Art, Graphic Design

Key to great design: Don’t be a pansy

The key to a great design: Don’t be a pansy. There’s usually only one thing that stands between a good design and a great design. It’s the artist getting in their own way. If you refuse to make a decision, that means one of two things. 1. You aren’t giving yourself options and options are essential to having something great, no matter what that thing is. Don’t forget – options are what drive creativity and innovation. 2. You can’t decide on one design so you’re sending the client too many options. Whether they’re all great or not, this can be overwhelming to a client and typically won’t result in the best outcome.

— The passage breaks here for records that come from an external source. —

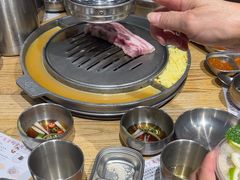 -姜虎东白丁烤肉(深圳湾后海汇店)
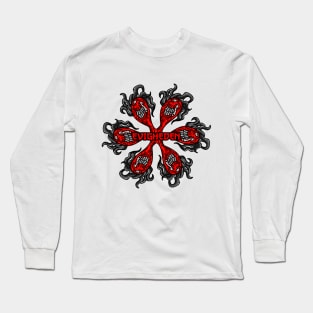 EVIGHEDEN! Long Sleeve T-Shirt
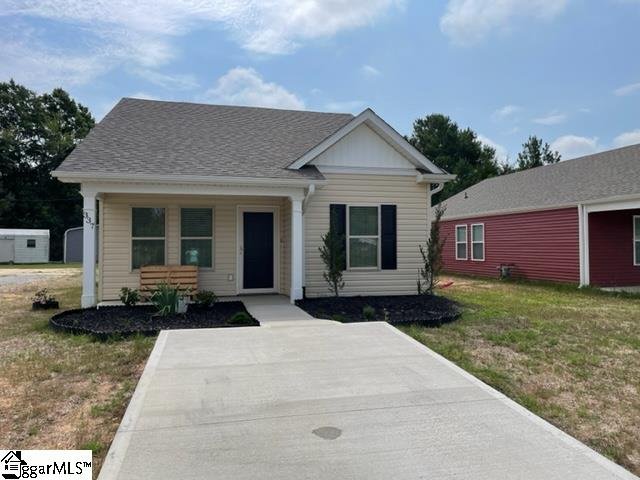 Property image 3 at 337 Dillon Drive, Clinton, SC 29325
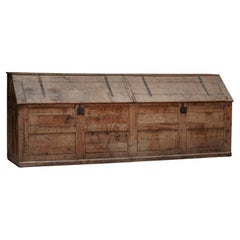 Used French 18th Century Storage Cabinet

This article that I read talks about the very issues that I’ve been guilty of (I like to think who hasn’t?) for projects that I’ve worked on. Not everyone admits being wrong, but for creative people, it’s essential. It not only drives you to do more work to make up for it, it also drives you to do more things RIGHT to reach more people and to get vision heard. I’m guilty of one of the exact examples in the article: sending too many logo comps to a client. Of course you like a lot of your designs. The thing is, what works best for the company and what fits their brand? That’s why this was one of my favorite quotes from the article:

I respect designers with the guts to kill good designs in favor of chasing great ones. Sometimes you have ten really solid ideas that you can present to the client, but that doesn’t necessarily mean that you should. Try scrapping indecision and pare that down to one or two options.

Will this be a little scary? Yep. Will it hurt to scrap all those good ideas? Absolutely. Do it anyway, it’s your job.

That’s so true. It is our job and if we got attached to every design that we did, there’s not a bright future ahead. You never design one option and you’re done. Even if you know the first design is the right one, you still need another design to prove that. It takes options. It takes decisions. That’s what makes a great design.

I really enjoyed the part that talks about typography. During school, I was never really taught too many fundamentals of typography and I didn’t realize how big of a deal that was until my first day of work. School projects were mainly projects with a lot of free reign and I relied on a lot of graphic heavy designs. It showed when I first went to work. I went in and I was creating ads for the publishing industry. Each publication has their own font sets and there were more fonts than I could’ve imagined. With such subtleties to each font, how are you supposed to know which one to choose?

Making decisions about which fonts you’re going to use is difficult, especially when there are so many awesome options available. Just remember, the freedom of choice is not a license for excess!

You live and you learn. You focus on what you need to do to be the best you can be and to make great designs. You work at your weaknesses to try to have the unattainable goal of having none. It doesn’t hurt to try, right? So it all boils down to this quote:

Are you up for the challenge? Can you break free of indecision and embrace your instincts? It boils down to a matter of self confidence. Believe that you’re good enough to make the right decisions and you’ll find that it’s a self-fulfilling prophecy.

Know that you’re doing what you love and what you’re supposed to be doing. Have the confidence to make the right decision and make a great design.